### Exercise aim
Repeat the listing exactly. Pictures stay out of your copy.

■ ■ ■ ■

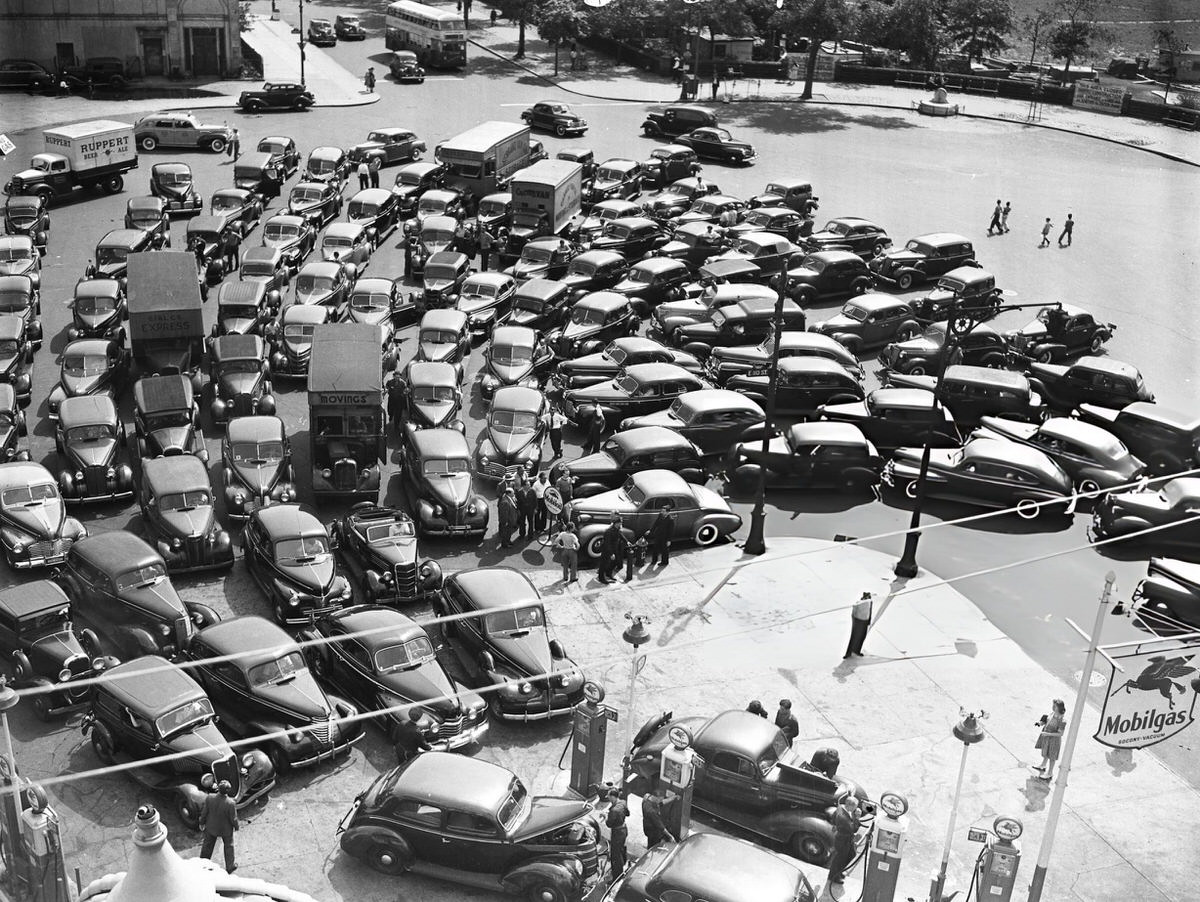 Automobiles Lined Up At A Gas Station During Wartime Fuel Rationing, New York, 1940S.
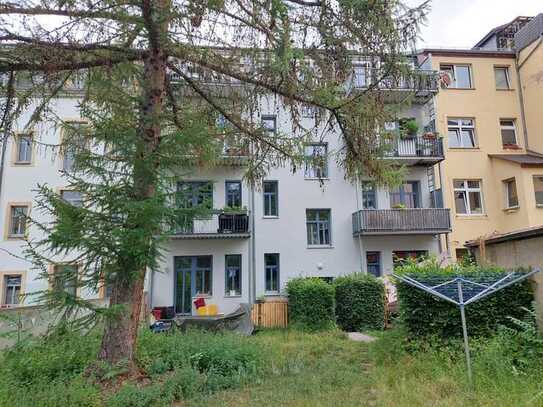 1. Obergeschoss mit Balkon! Schöne 2 RWG im sanierten Altbau zu verkaufen!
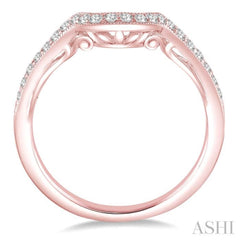1/4 Ctw Round Cut Diamond Wedding Band in 14K Rose Gold 1/4 Ctw Round Cut Diamond Wedding Band in 14K Rose Gold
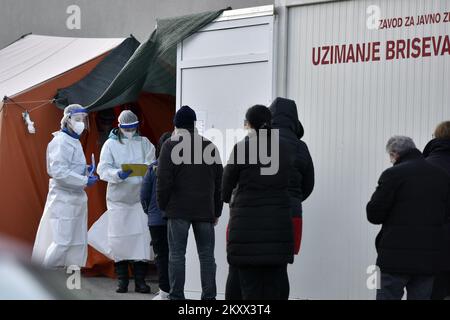 Nonostante il fatto che da oggi i test possono essere effettuati presso il medico di famiglia, una grande folla in attesa al principale punto di test COVID-19 a Sibenik, Croazia su 13. Gennaio, 2022. Foto: Hrvoje Jelavic/PIXSELL Foto Stock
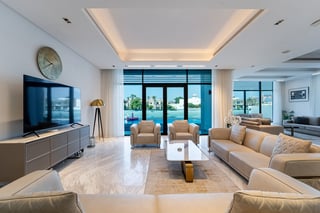 Direct Beach Access | Luxurious | Scenic Location, picture 4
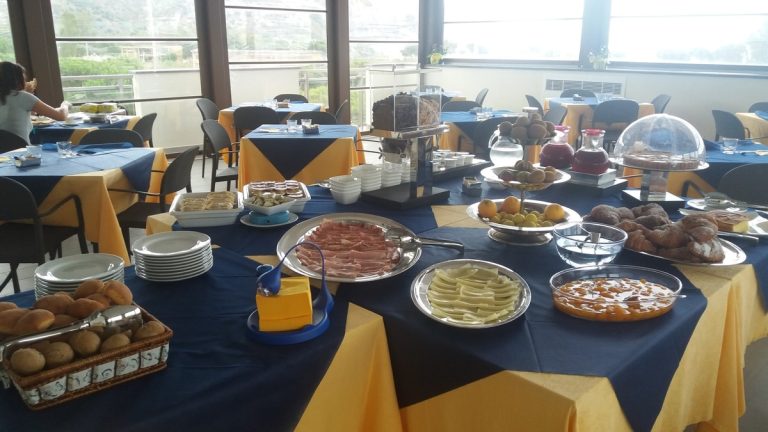 Riviera Azzurra Hotel-Restaurant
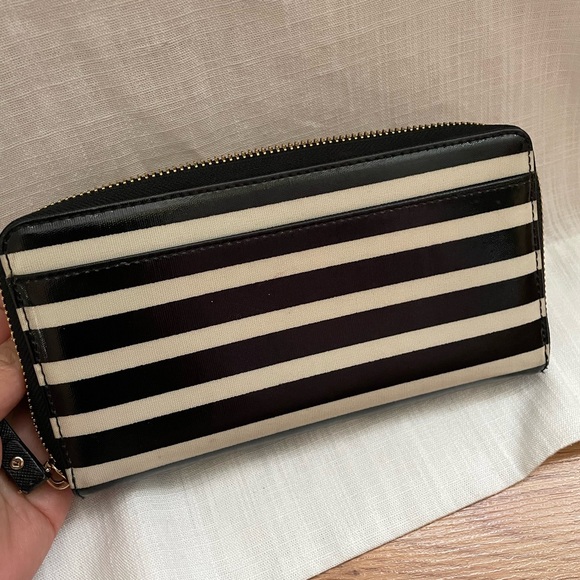 Kate Prade wallet - Picture 6 of 13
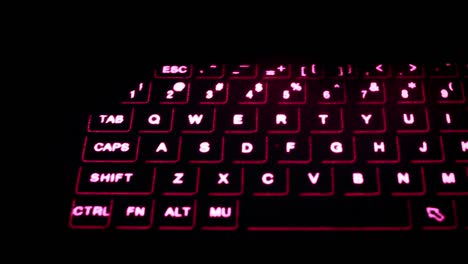 4K-virtuelle-Laser-Projektion-Tastatur-auf-schwarzem-Hintergrund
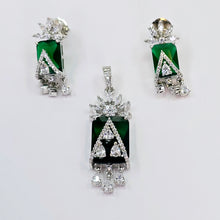 The Amira Whitegold A.D Pendant Earring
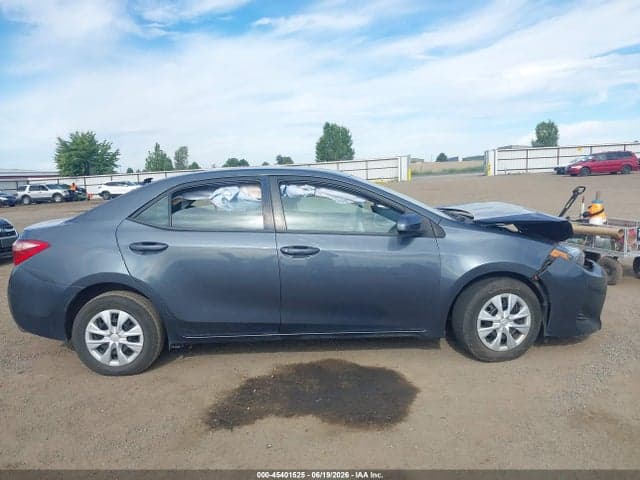 2019 TOYOTA COROLLA L 14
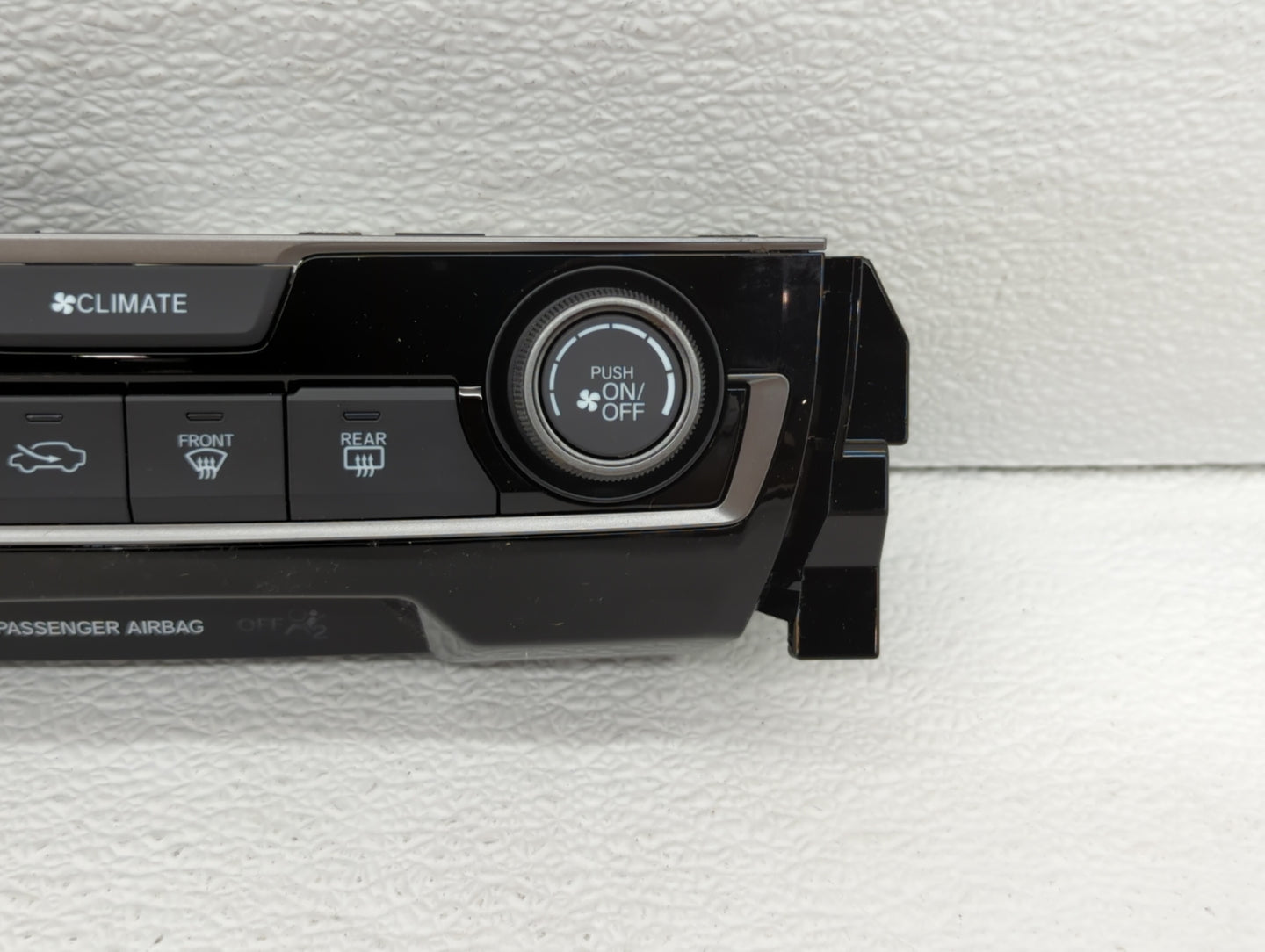 2016-2021 Honda Civic Climate Control Module Temperature AC/Heater Replacement P/N:79600-TBA-A332-M1 Fits OEM Used Auto Part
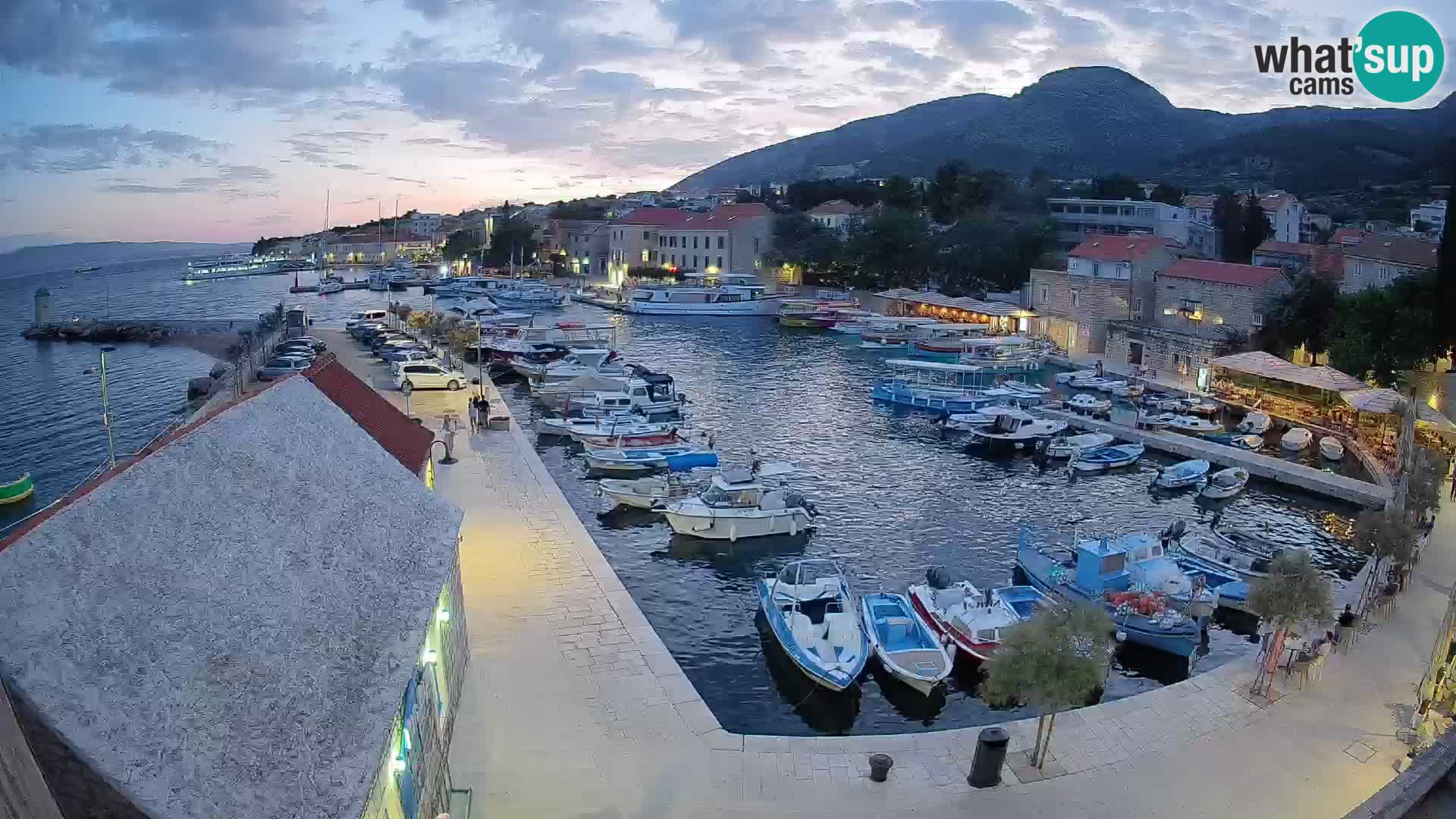 Webcam Bol Harbour – Live View of Bol Riva & Marina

■ ■ ■ ■

### Written reply
 Automobiles Lined Up At A Gas Station During Wartime Fuel Rationing, New York, 1940S.
 1. Obergeschoss mit Balkon! Schöne 2 RWG im sanierten Altbau zu verkaufen!
1/4 Ctw Round Cut Diamond Wedding Band in 14K Rose Gold 1/4 Ctw Round Cut Diamond Wedding Band in 14K Rose Gold
 Nonostante il fatto che da oggi i test possono essere effettuati presso il medico di famiglia, una grande folla in attesa al principale punto di test COVID-19 a Sibenik, Croazia su 13. Gennaio, 2022. Foto: Hrvoje Jelavic/PIXSELL Foto Stock
 Direct Beach Access | Luxurious | Scenic Location, picture 4
 Riviera Azzurra Hotel-Restaurant
 Kate Prade wallet - Picture 6 of 13
 4K-virtuelle-Laser-Projektion-Tastatur-auf-schwarzem-Hintergrund
 The Amira Whitegold A.D Pendant Earring
 2019 TOYOTA COROLLA L 14
 2016-2021 Honda Civic Climate Control Module Temperature AC/Heater Replacement P/N:79600-TBA-A332-M1 Fits OEM Used Auto Part
 Webcam Bol Harbour – Live View of Bol Riva & Marina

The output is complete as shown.